I thought about us at breakfast and how my life would have been so different with her. At the time, I was headed straight for an emotional breakdown / spiritual breakthrough and deeply knew that I wasn’t the right person for her. However, I could have pushed that intuition aside and stayed. We lived together and she absolutely didn’t want to split and did her best to heal the relationship.
She was a humble and easygoing person, but held a very high-powered, six-figure job on Wall St while pursuing her Ph.D. We lived in the City and she was eager to invest in a home. As a last-ditch effort to keep us together, we toured various places. A sprawling mansion in Staten Island near the ferry. A six bedroom apartment, one block from the Brooklyn Museum/Botanical Gardens. Brownstones, et. al.
I had it made. Didn’t have to work. I could do art/write or whatever I wished. She would’ve given me the world if I had stayed. Add on my teaching career in the ‘burbs and we would have enormous wealth now.

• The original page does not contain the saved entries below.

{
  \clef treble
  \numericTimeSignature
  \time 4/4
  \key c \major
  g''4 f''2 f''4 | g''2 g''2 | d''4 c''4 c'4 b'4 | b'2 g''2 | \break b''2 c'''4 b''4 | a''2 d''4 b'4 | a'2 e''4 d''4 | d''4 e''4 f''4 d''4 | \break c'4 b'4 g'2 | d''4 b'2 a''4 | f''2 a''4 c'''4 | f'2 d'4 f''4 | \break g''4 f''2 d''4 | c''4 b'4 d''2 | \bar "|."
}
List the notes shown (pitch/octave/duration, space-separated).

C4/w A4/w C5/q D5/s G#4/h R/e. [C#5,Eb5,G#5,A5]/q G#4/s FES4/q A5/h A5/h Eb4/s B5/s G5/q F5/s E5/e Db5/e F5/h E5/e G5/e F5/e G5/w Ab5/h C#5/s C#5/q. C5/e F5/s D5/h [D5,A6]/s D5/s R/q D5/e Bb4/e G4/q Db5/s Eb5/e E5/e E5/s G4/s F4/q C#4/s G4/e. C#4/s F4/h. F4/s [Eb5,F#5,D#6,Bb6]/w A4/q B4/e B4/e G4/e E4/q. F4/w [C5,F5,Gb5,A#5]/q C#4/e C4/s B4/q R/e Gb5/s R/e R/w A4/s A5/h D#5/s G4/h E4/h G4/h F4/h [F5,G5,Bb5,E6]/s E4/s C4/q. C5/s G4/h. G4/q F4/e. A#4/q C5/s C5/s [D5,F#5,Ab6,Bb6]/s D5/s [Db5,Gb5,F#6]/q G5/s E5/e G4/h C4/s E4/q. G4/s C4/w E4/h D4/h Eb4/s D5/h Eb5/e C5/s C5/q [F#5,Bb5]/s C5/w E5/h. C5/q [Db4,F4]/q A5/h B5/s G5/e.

Instead, I took off for the West Coast with another woman at my side. Not my finest moment — but that future she offered was meant for someone else. As painful as it was for us both, my ex soon bought an apartment building that is now worth millions in the City, retiring at 40 and living with her wife of 20+ years.
The path missed. Or was it?
I give myself permission to feel human emotion without spiritualizing it away.
I may have had a chill holiday but that doesn’t mean life is perfect with no worries. I’ve had a very tough 3rd quarter with Shivaya Wellness and most certainly people are not spending discretionary income like the last three years. Now, I’ve been in the game nearly 20 years so my brain knows that clients will increase but often it is like climbing up a muddy hill, this entrepreneurial life. Very tough. Very stressful. I’ve had moments of worry that rivaled some of the earliest days of my business while also aware that the Wheel turns. Always.
A visionary I watched on YT this summer said that karmically, healers will face every fear that lingers in the shadows of our psyche. We have to face it and walk through for ascension. This can apply to society in general — plenty of examples there — but this last quarter has held up a mirror to many 1st chakra fears with which I grapple. Being alone does two things: enhances the fear and also provides a solid opportunity to sit and explore why. Am I blocked? Do I need another job? Do I need a rest, as inconvenient as that might be? What is the future of Shivaya Wellness? Do I still want to do psychic work? What do I want?
I’ve sat with myself — and my higher wisdom/Self — and asked those questions, using my pendulum, facing my fears. An earlier self would have quickly gone to self-incrimination (I’m not doing enough, something is wrong, I have to change things, pivot! pivot!) but this time, I’ve chosen to sit with the discomfort. I know it’s temporary. I know the greater chess board to some extent — but still allow myself to feel whatever it is that comes up. What’s the point of being human, otherwise? Why did I bother to come here, anyway? This time is so valuable in ways far beyond money and business. I am adaptable, flexible and smart — plus, I’ve lived through much worse in business.
Everyone gets a turn. Everyone. There is no avoiding the Wheel of Fortune, even if you are a multi-millionaire. It is what it is — and it will change. In the meantime, you shrug, give yourself permission to cook a pot roast, chill on the couch and watch the Chiefs throw a game.